In the beginning, there were puns. And people groaned. And the punners chuckled, and saw that it was good.
Then, there was hockey. It was fast, but with a quiet grace...except when the goal horn's blowing and the whole crowd is screaming their hair out. And the spectators applauded and watched, and saw that it was good.
Then, there were the owners. They sold tickets for spectators to see very good players play hockey. And even gave the players some money sometimes. And the owners made money, and saw that it was good.
Then, there were the leagues. They orchestrated schedules and kept the money within a small group of owners. The elite talent played in the highest-playing leagues.
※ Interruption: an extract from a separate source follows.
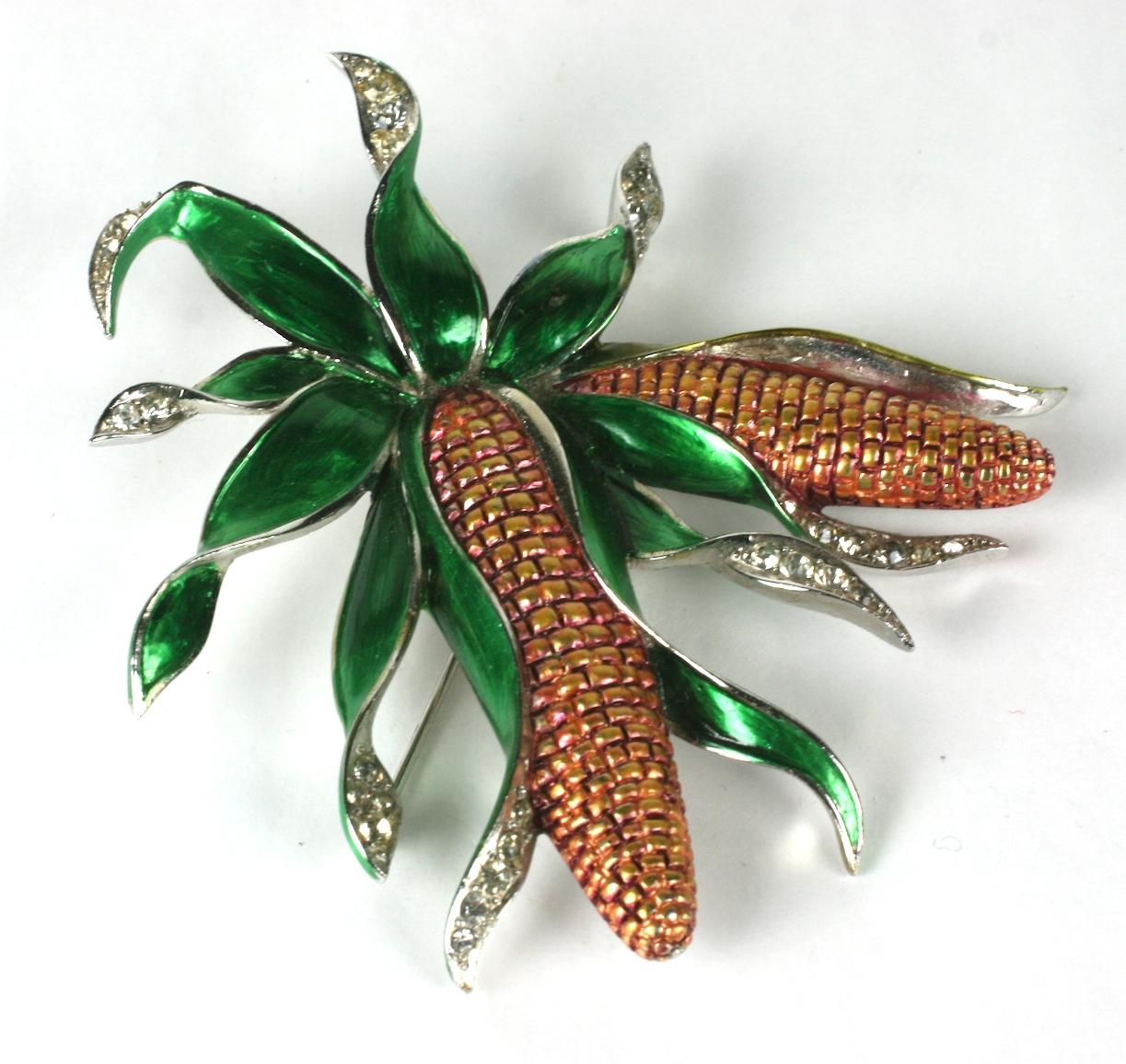 Rare and super collectible Marcel Boucher pearlized enamel corn on the cob brooch from 1941.
Of rhodium plated metal, crystal rhinestones, hand painted pearlized enameling.
Wonderful large scale and condition. 
Marked: MB phrygian cap, Des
The players were paid more, and they saw that it was good.
Then, there was the NHL. Grown out of a disagreement with the Toronto owner over the NHA, teams split off and started their own league. And the owners saw that Livingstone was out, and saw that it was good.
Then, there was NHL.com. And it was very 90s. But it progressed with the times, until it became the multimedia information portal that it is today. And the league saw that people came to the site a lot, and saw that it was good.
Then, there was Michael Blinn. Michael is a web producer for NHL.com. He's well-known for helping come up with the puns everyone loves (or hates) and whatever else it is an NHL.com web producer does. Unfortunately, he announced this week that today is his last day at the NHL. It's an unfortunate thing, because it's always good to know you've got a Bruins fan in high places.
Of course, it's not like he's dead. All the best and we look forward to your future endeavors, Mr. Blinn.
And don't forget, if you ever want to write about the Bruins...we're looking for people.